By Swingpal.com staff
The Swingpal instructor team has been growing at a rapid pace in recent weeks and one of our most recent additions has carved out a national reputation as being among the best in the business.
He gained valuable experience working with top instructors throughout the early stages of his career, most notably time spent working as one of only eight full-time (Jack) Nicklaus/(Jim) Flick instructors in the nation.
But it has been since moving to Louisiana that Brown has seen his reputation take on a national flavor.
He has twice been named the PGA of America’s Gulf State Section Teacher of the Year and in 2009 Brown was honored by Golf Digest as the top-ranked instructor in his state.
We sat down with Brown this week to find out more about his teaching philosophy and various other subjects for this edition of Five Questions:
SWINGPAL: How would you describe your teaching philosophy to a potential student?
BROWN: Learning to play golf takes a lifetime; however, learning to hit the ball with control and power is a much different pursuit. My teaching philosophy is simple yet scientific. The goal of every golfer is to hit the ball “Solid and Straight.” There are elements one must manage to hit the ball solid and others one must manage to hit the ball straight. How one blends these elements and uses them in his/her swing will determine how well they can strike the ball!
SWINGPAL: What aspects of the golf swing do you think most of the players you teach have trouble understanding?
BROWN: Most golfers do not understand impact! I find a lot of students do not know why the ball behaves the way it does. Knowing how the ball gets airborne and understanding how the face, path and angle of attack influence the ball fight is most paramount. In addition, players are incorrect in thinking they should return the club and the body to the same positions that they established at address. Impact is very different than address; the lower body is turning, shifting and moving. Meanwhile, the golf club is trailing the lead arm much more at the collision. This is very different then recreating static address.
SWINGPAL: What would you consider to be some popular myths about golf instruction?
BROWN: I often say that “when you misdiagnose the problem, you move further from the cure!” Operating under a false premise leads people in the wrong direction. For example, many people believe that an outside-in swing path causes a slice. Well, that pattern may encourage a slice; however, it is the face that has the most influence on the direction of the ball. If you work on the path and the face is open; you still slice! Keeping the head down is another popular myth. This flawed concept has lead to the destruction of many golfers. Improper weight distribution, poor backswing pivot and hindered forward swings often result from this myth.

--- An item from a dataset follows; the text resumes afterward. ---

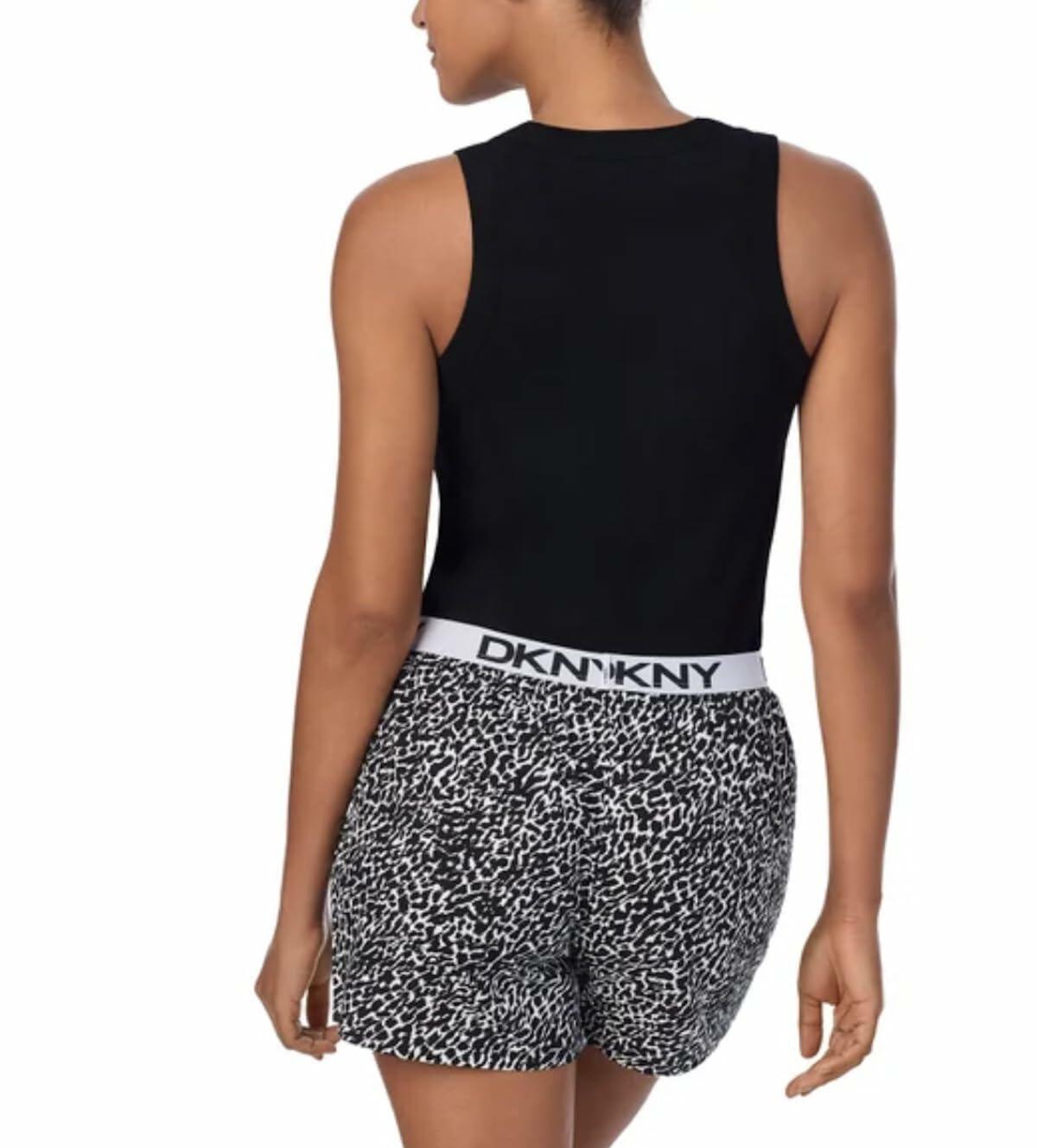 DKNY Women's 2 Piece Outfit Clothing Set - Tank Top & Short (Black Animal Print, X-Large)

SWINGPAL: What is the most valuable aspect of the lesson process for most golfers?
BROWN: I think the most valuable aspect of taking a lesson is one whereby, the student understands improving your technique and making progress is not a one-time deal. Improvement is a process. A process is defined as “a series of actions or steps taken in order to achieve something.” Being consistently monitored is vital to the process!
SWINGPAL: What advice would you give a golfer who is seeking out professional instruction for the first time?
BROWN: When a student is seeking an instructor, they should look at how busy the instructor is, does he have a reputation locally or nationally, the price they charge and do they teach a method? Moreover, I recommend the student take a lesson before buying a package. Make sure there is a fit before making a commitment.